According to the latest fixed increase plan, after this non-public offering, the largest shareholder and Tai’an Cheng will hold 29.99% equity of the listed company and remain the largest shareholder of the listed company; At that time, the number of shares held by the largest shareholder of the company will be significantly ahead of other shareholders of the company. The company will be changed into an enterprise with controlling shareholders and actual controllers. The largest shareholder will become the controlling shareholder and Huo bin, the actual controller of the largest shareholder, will become the actual controller of the listed company.

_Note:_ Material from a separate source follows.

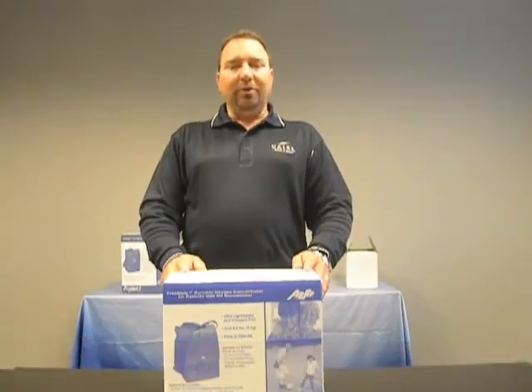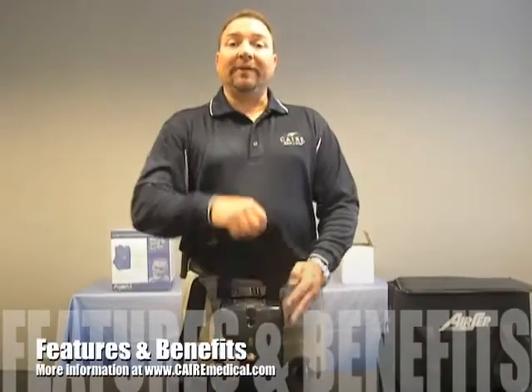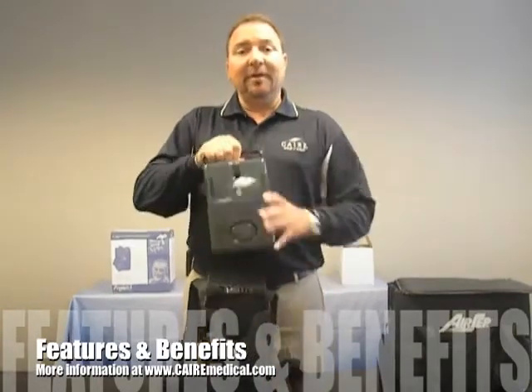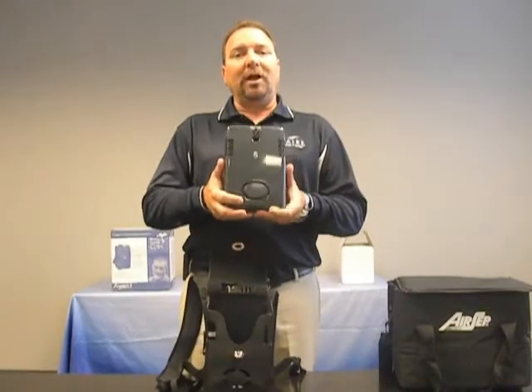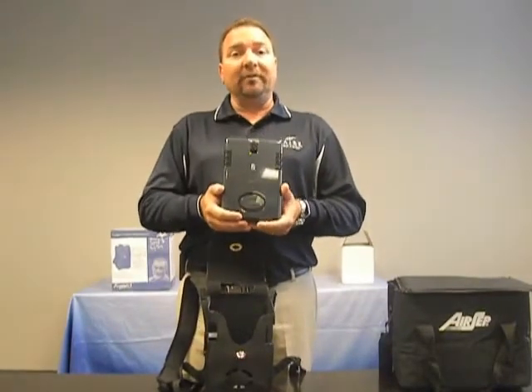Hello, my name is Don Seidel. I work for Care Medical, a division of Chart Industries. Let's talk about the features and benefits of the Freestyle Portable Oxygen Concentrator. The Freestyle is a very lightweight, wearable, portable oxygen concentrator that weighs 4.4 pounds.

However, this plan must be opposed by the company’s directors. Jiao Zuo Wan Fang Aluminum Manufacturing Co.Ltd(000612) announced on December 2 that on November 19, 2021, the company informed all directors to confirm to sign relevant documents after reviewing the report on stock issuance and listing announcement of non public development banks in 2020 (hereinafter referred to as “listing announcement”). During this period, one director failed to sign the relevant documents of the listing announcement, and the company carefully discussed, studied and analyzed with the lawyer of Beijing Tongshang law firm, the legal consultant undertaking the non-public offering. Tongshang lawyer believes that one director failed to sign the relevant documents of the listing announcement for the non-public offering, In accordance with the procedural requirements set forth in Article 82 of the securities law, it shall not constitute a failure to meet the substantive legal conditions for this offering.

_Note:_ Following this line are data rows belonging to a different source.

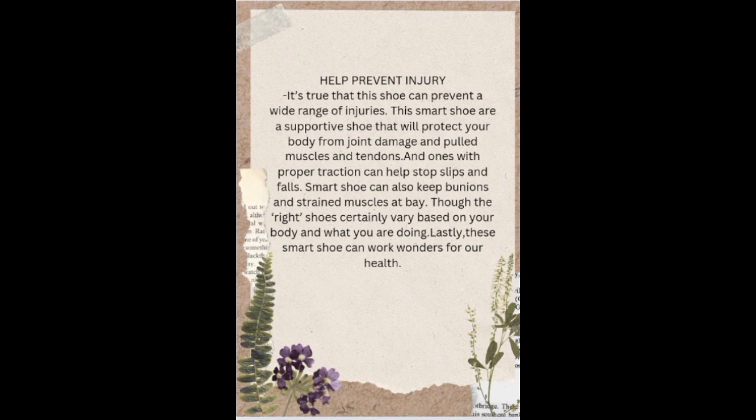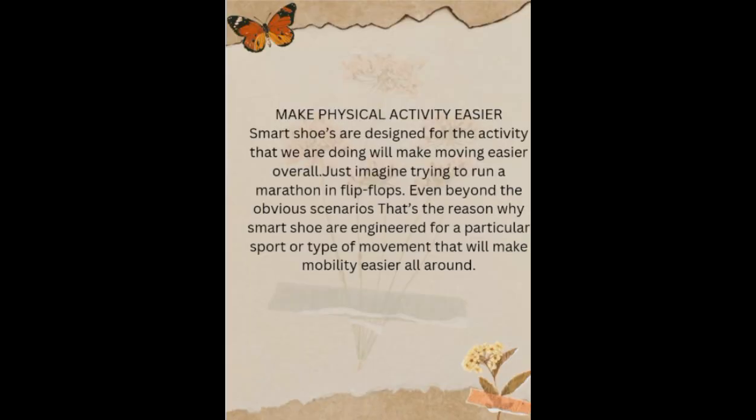So the right shoes can deliver the best for your body and what you are doing. Lastly, the smart shoes can work wonders for our health. These smart shoes are also designed for the activity that we are doing, which will make moving easier overall. Just imagine trying to run a marathon in flip flops. That's the reason why smart shoes designed for a particular sport or type of movement will make mobility easier all around.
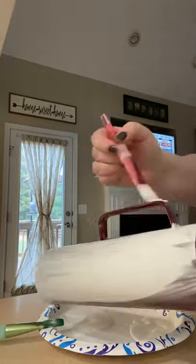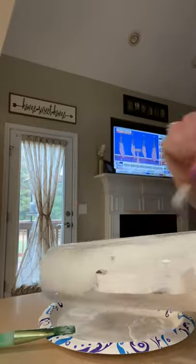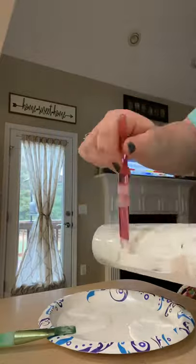Now I'm going back with white acrylic paint — I'll put the kind I got in the description, it's just from Walmart — and I'm doing smooth strokes, one stroke across everything.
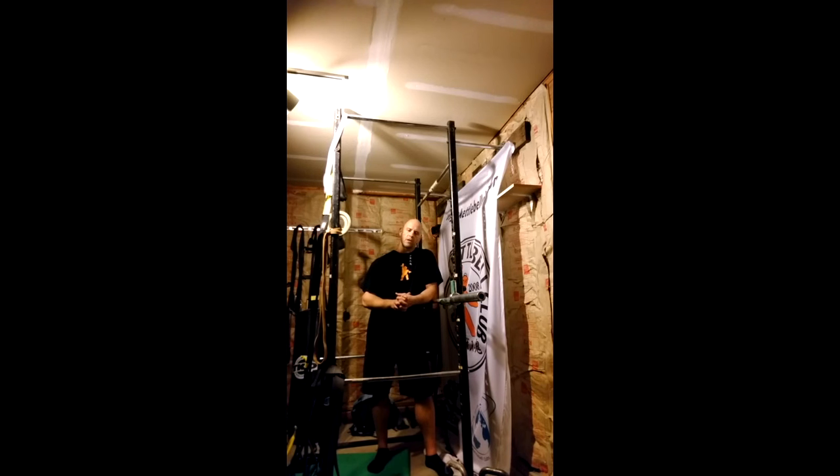Welcome to the Orange Kettlebell Club video blog, your spot for weekly wellness and kettlebell sport performance tips and reviews. My name is John Harshman and today I'm going to be talking about dealing with back pain in kettlebell sport.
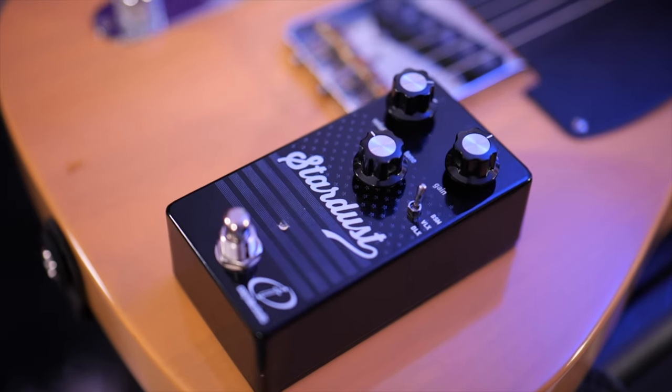To get my Blues Deluxe amp up to the point where it's really breaking up like you heard in this video, it would be peeling the paint off the wall — it'd be so loud, everybody around my neighborhood would start complaining. Well, maybe that's an exaggeration, but it's very, very loud. That's where a pedal like this comes in.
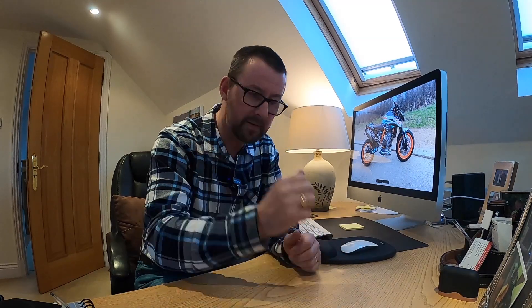Hi everybody, hope you're well. Thank you for clicking on the channel. What we've got for you today is a video of me just test riding a 2020/21 KTM 890R. I've got a Honda Africa Twin, I love it, not going to get rid of it, but I just fancy something a bit more barbed to it.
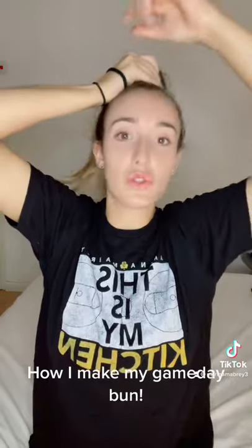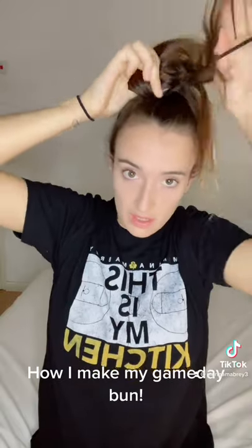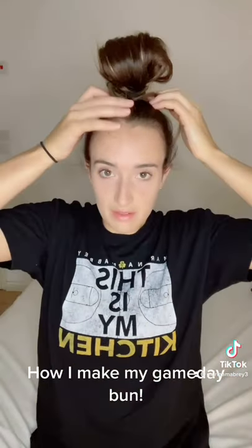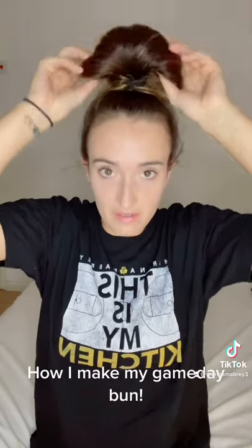I'm going to start by doing two twists. For the first twist, I like to use one hair tie. With my thumb in between, it's like this and then I'm going to pull it around. And then I'm going to do one more twist and pull it around. After I've pulled it around, I like to take all the pieces and push them back, and then I'm going to pull out the hair kind of like a fan.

According to the announcement of Jiao Zuo Wan Fang Aluminum Manufacturing Co.Ltd(000612) , subsequently, the lead underwriter Dongxing Securities Corporation Limited(601198) notified the company to unilaterally decide to terminate the non-public offering on the grounds that a director of the company failed to sign the listing announcement and was unable to complete the submission of underwriting summary documents. Beijing Tianda Gonghe (Shenzhen) law firm sent a letter to the opinion that, according to Article 82 of the securities law, the directors’ signing of the relevant documents of the listing announcement is the requirement of fulfilling the directors’ duty of diligence, and the failure of one director to sign the listing announcement does not constitute a legal cause for Dongxing Securities Corporation Limited(601198) unilateral termination of the non-public offering, Dongxing Securities Corporation Limited(601198) the above acts also violate the provisions of the sponsorship and underwriting agreement signed with the company.